What to do — When you repeat the entries below, please keep them exact and leave out the pictures.

Data supplied —

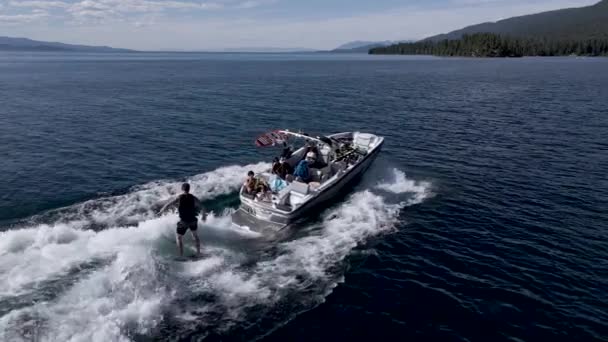 Active Man Wakeurfing Flathead Lake Och Dras Motorbåt Nära Kalispell — Stockvideo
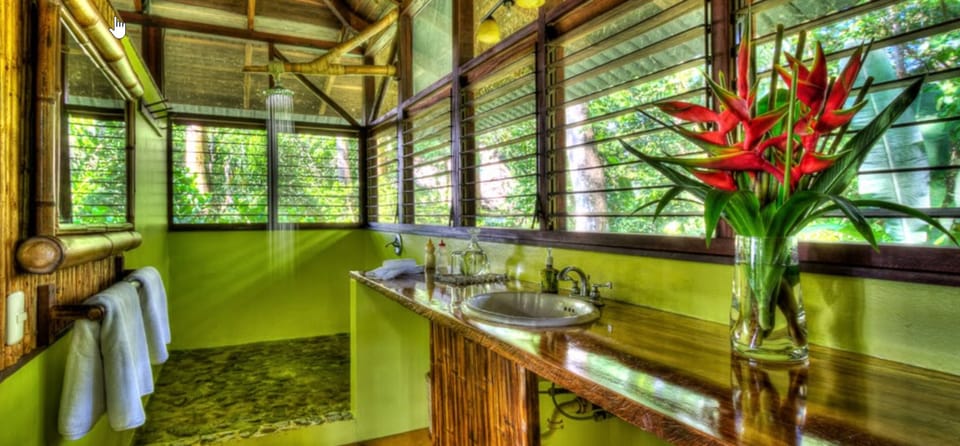 Beach House with 2 Bedrooms and Kitchen | Bathroom | Shower, rainfall showerhead, designer toiletries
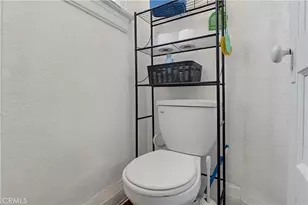 814 E 41st St, Los Angeles, CA 90011 - Photo 7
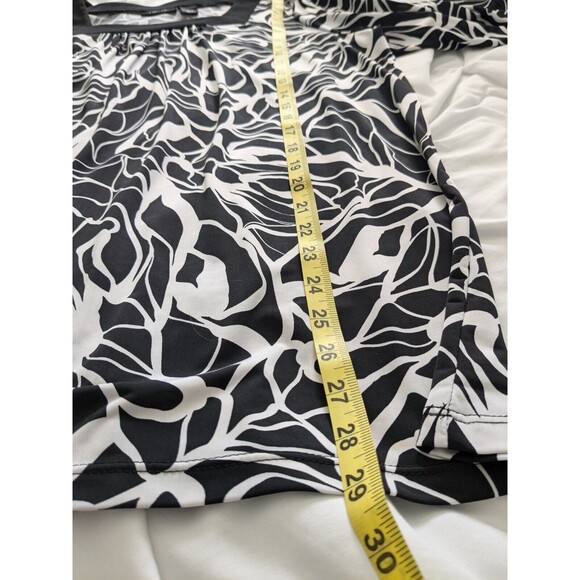 Maggie Barnes Tunic 0X (14/16) Black White Geo Print Square Neck Blouse Stretch - Picture 10 of 10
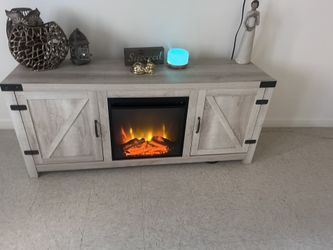 TV console/Fire Place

Result below —
 Active Man Wakeurfing Flathead Lake Och Dras Motorbåt Nära Kalispell — Stockvideo
 Beach House with 2 Bedrooms and Kitchen | Bathroom | Shower, rainfall showerhead, designer toiletries
 814 E 41st St, Los Angeles, CA 90011 - Photo 7
 Maggie Barnes Tunic 0X (14/16) Black White Geo Print Square Neck Blouse Stretch - Picture 10 of 10
 TV console/Fire Place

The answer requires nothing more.